Begin with the line below holding "Hi, this is Saeed" and go on through the line holding "Apple describes this", duplicating each line exactly and leaving out pictures.

**DATA RECORDS**.
______

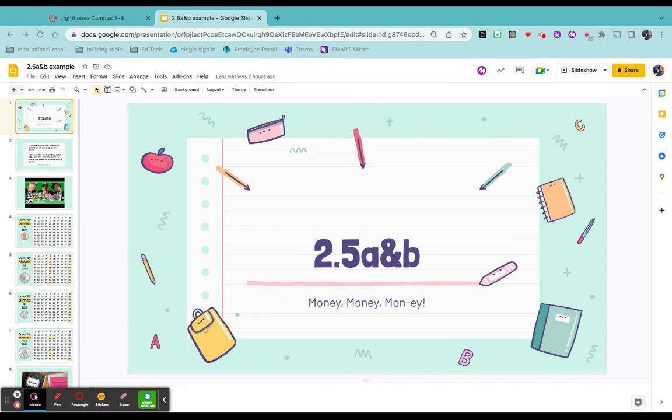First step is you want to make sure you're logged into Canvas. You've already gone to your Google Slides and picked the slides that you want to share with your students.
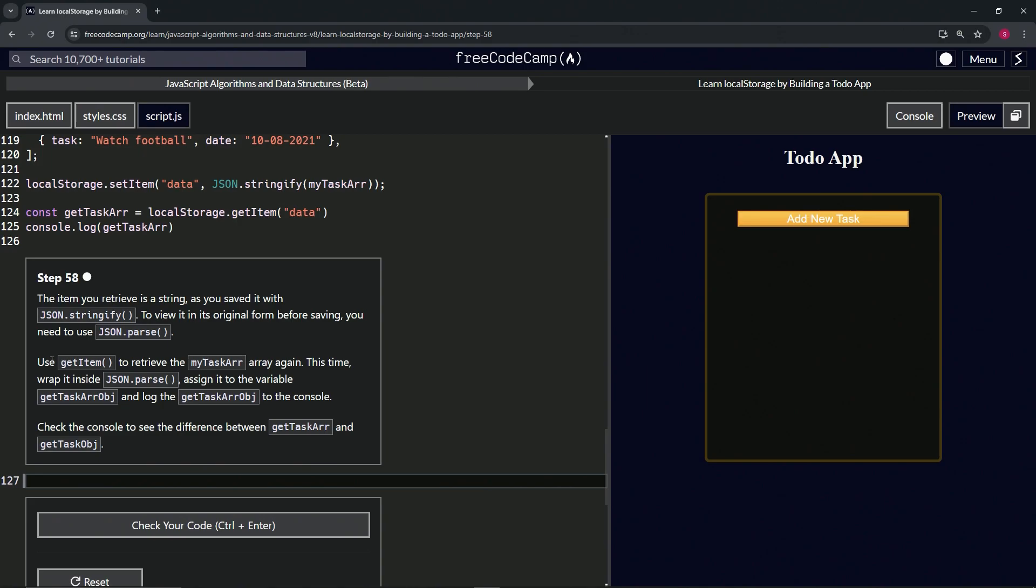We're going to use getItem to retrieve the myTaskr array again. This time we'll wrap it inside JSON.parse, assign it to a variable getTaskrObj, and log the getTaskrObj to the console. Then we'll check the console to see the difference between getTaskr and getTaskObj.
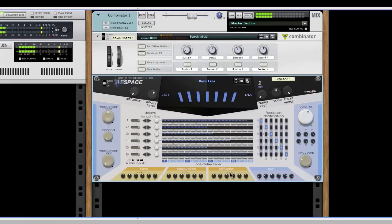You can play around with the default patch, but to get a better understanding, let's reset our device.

______

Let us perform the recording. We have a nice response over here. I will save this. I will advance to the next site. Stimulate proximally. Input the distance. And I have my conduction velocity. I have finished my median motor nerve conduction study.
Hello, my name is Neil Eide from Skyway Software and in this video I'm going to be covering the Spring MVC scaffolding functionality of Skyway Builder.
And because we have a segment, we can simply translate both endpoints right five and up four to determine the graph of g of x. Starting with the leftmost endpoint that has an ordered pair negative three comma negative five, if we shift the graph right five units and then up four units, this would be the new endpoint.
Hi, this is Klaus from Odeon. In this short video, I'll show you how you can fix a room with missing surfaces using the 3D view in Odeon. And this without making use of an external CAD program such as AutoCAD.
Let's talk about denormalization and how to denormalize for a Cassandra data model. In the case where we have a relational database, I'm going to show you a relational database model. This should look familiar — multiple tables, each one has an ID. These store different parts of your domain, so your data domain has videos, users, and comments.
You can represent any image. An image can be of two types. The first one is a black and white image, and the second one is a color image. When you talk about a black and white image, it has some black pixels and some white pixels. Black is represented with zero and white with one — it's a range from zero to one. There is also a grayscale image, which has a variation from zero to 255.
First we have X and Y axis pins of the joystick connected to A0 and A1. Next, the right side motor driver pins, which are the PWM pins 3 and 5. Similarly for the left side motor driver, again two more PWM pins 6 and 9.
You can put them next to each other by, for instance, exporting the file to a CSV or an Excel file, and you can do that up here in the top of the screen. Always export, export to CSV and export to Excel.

______

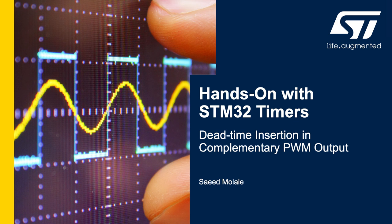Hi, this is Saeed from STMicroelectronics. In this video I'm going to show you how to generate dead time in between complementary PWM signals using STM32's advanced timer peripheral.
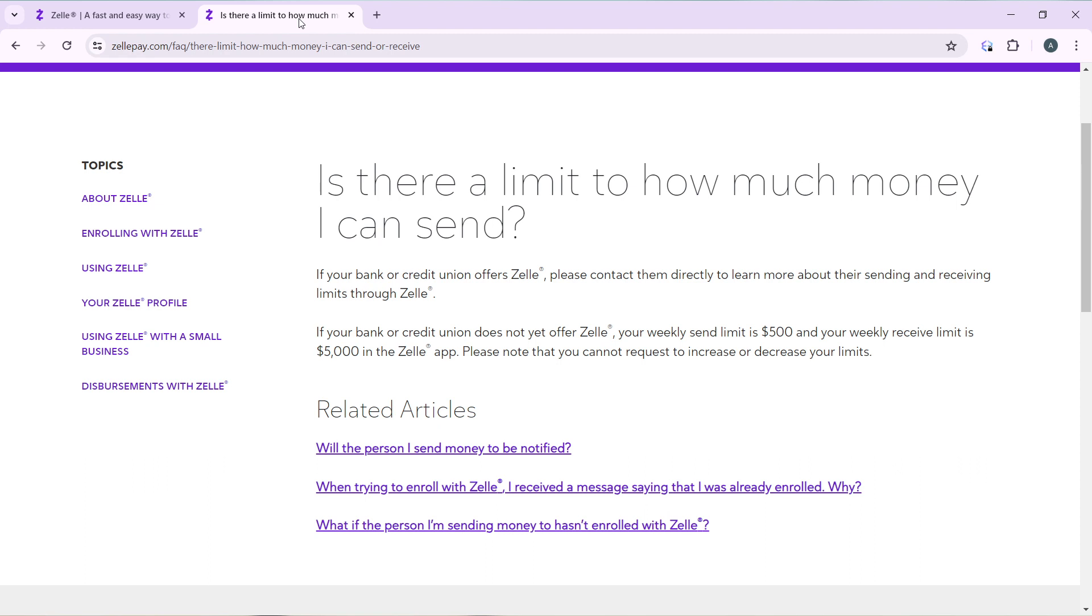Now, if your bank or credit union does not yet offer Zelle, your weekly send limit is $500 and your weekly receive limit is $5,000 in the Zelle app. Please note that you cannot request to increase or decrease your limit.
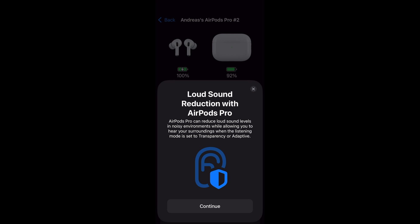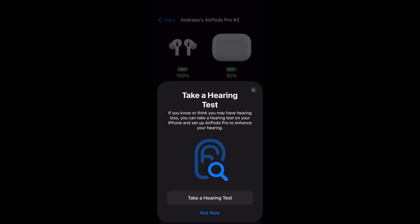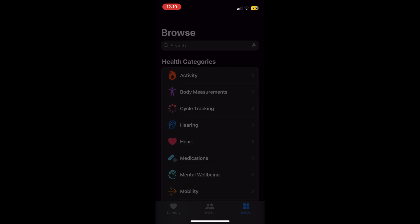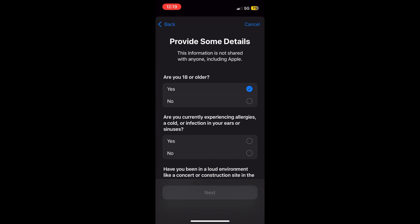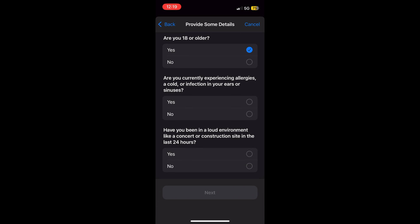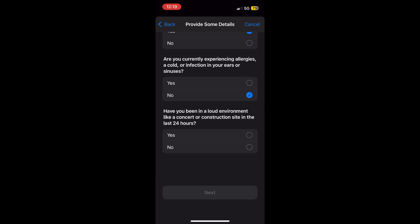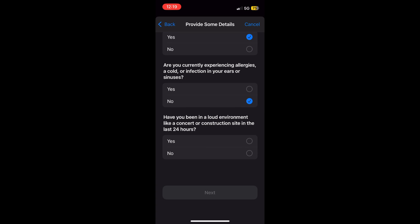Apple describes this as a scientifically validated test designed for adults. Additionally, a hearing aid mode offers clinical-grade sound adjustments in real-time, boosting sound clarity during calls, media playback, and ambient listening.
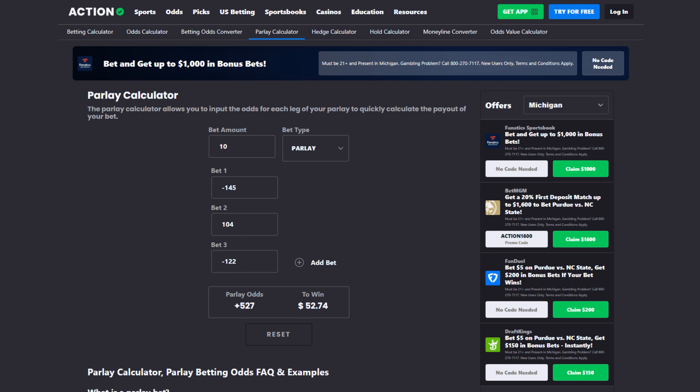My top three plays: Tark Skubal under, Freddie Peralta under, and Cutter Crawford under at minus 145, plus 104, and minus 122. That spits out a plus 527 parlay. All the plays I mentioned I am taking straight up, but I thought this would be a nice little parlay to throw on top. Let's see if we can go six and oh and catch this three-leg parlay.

______

**EXPECTED OUTPUT**.
Hi, this is Saeed from STMicroelectronics. In this video I'm going to show you how to generate dead time in between complementary PWM signals using STM32's advanced timer peripheral.
Now, if your bank or credit union does not yet offer Zelle, your weekly send limit is $500 and your weekly receive limit is $5,000 in the Zelle app. Please note that you cannot request to increase or decrease your limit.
Apple describes this as a scientifically validated test designed for adults. Additionally, a hearing aid mode offers clinical-grade sound adjustments in real-time, boosting sound clarity during calls, media playback, and ambient listening.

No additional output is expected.